Product sum of an array is the sum of the array multiplied by their depths

def product_sum(arr: list, depth: int) -> int:
    res = 0
    for x in arr:
        res += product_sum(x, depth+1) if isinstance(x, list) else x
    return res * depth

Find Triplets with 0 Sum

Finds three numbers that add up to zero by finding two and seeing if there exists a number that when added to them results in zero

def find_triplets_with_0_sum(arr: list) -> set:
    res = set()
    for i, item in enumerate(arr[:-2]):
        seen = set()
        for other in arr[i+1:]:
            to_find = -other-item
            if to_find in seen:
                res.add(tuple(sorted([item, other, to_find])))
            seen.add(other)
    return res

Kth Largest Element

Finds the position largest element in arr.

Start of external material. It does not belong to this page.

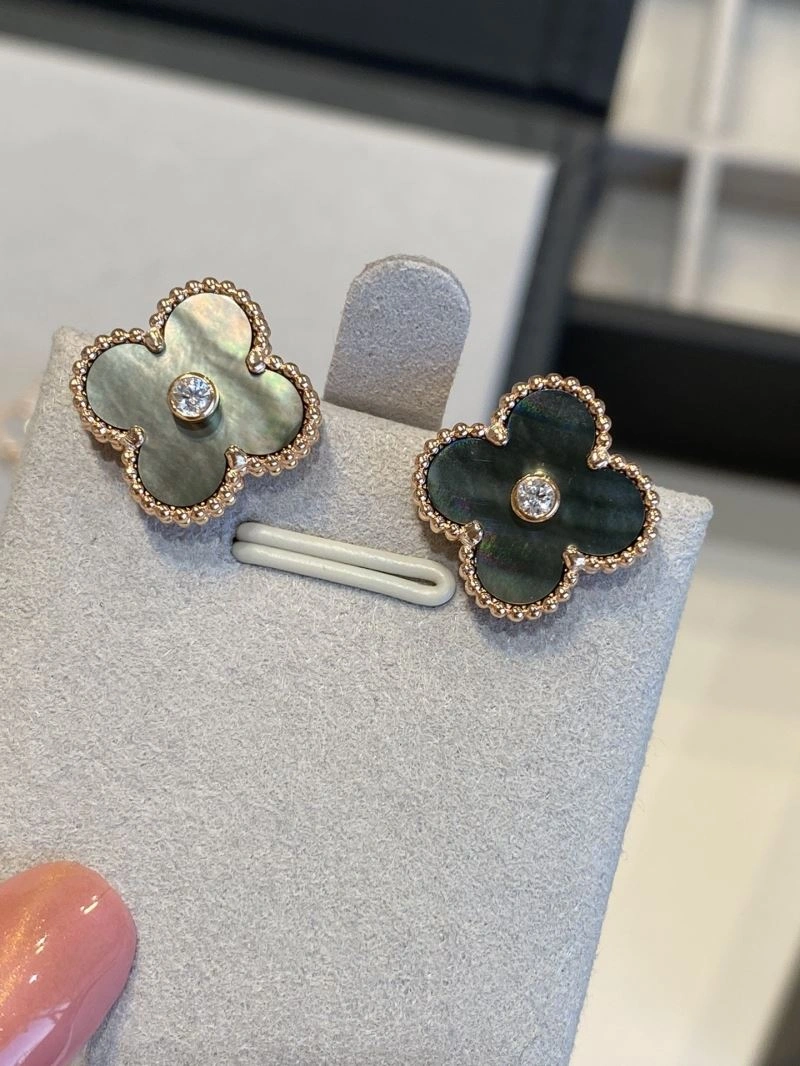 Elegant Vca Earrings 255011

def kth_largest_element(arr: list, position: int) -> int:
    low, high = 0, len(arr) - 1

    def pivot_index():
        pivot = arr[high]
        i = low
        for j in range(low, high):
            if arr[j] >= pivot:
                arr[i], arr[j] = arr[j], arr[i]
                i += 1
        arr[i], arr[high] = arr[high], arr[i]
        return i

    while low <= high:
        if low > len(arr) - 1 or high < 0:
            return -1
        index = pivot_index()
        if index == position - 1:
            return arr[index]
        elif index > position - 1:
            high = index - 1
        else:
            low = index + 1

Binary Tree Node Sum

Sums up all nodes in a binary tree

from __future__ import annotations
from dataclasses import dataclass

@dataclass
class Node:
    value: int
    left: Node | None = None
    right: Node | None = None

def binary_tree_sum(tree: Node) -> int:
    def dfs(node):
        if node is None:
            return 0
        return node.value + dfs(node.left) + dfs(node.right)
    return dfs(tree)

Binary Tree Path Sum

Given a root and a target sum find the number of paths that sum up to the target

from __future__ import annotations
from dataclasses import dataclass

@dataclass
class Node:
    value: int
    left: Node | None = None
    right: Node | None = None

def binary_tree_path_sum(root: Node, target: int) -> int:
    res = 0

    def dfs(node, path_sum):
        nonlocal res
        if node is None:
            return
        if path_sum == target:
            res += 1
        if node.left:
            dfs(node.left, path_sum + node.left.value)
        if node.right:
            dfs(node.right, path_sum + node.right.value)

    def path_sum(node):
        if node is None:
            return
        dfs(node, node.value)
        path_sum(node.left)
        path_sum(node.right)

    path_sum(root)

    return res

Diameter Of Binary Tree

Finds the diameter of a binary tree where the diameter is defined as the number of nodes on the longest path between two end nodes

from __future__ import annotations
from dataclasses import dataclass

@dataclass
class Node:
    value: int
    left: Node | None = None
    right: Node | None = None

def dimeter_of_binary_tree(root: Node) -> int:
    def depth(node):
        if not node:
            return 0
        return max(depth(node.left), depth(node.right)) + 1
    res = 0
    if root.left:
        res += depth(root.left)
    if root.right:
        res += depth(root.right)
    return res + 1

Prime

Lists all prime numbers < n

def list_primes(n: int) -> list:
    primes = []
    if n > 1:
        primes.append(1)
    if n > 2:
        primes.append(2)
    numbers = (i for i in range(1, (n+1), 2))
    for i in (n for n in numbers if n > 1):
        bound = int(i**0.5) + 1
        for j in range(3, bound, 2):
            if i % j == 0:
                break
        else:
            primes.append(i)
    return primes

Binary Tree Mirror

Return the mirror of a binary tree, flipping it around the root node.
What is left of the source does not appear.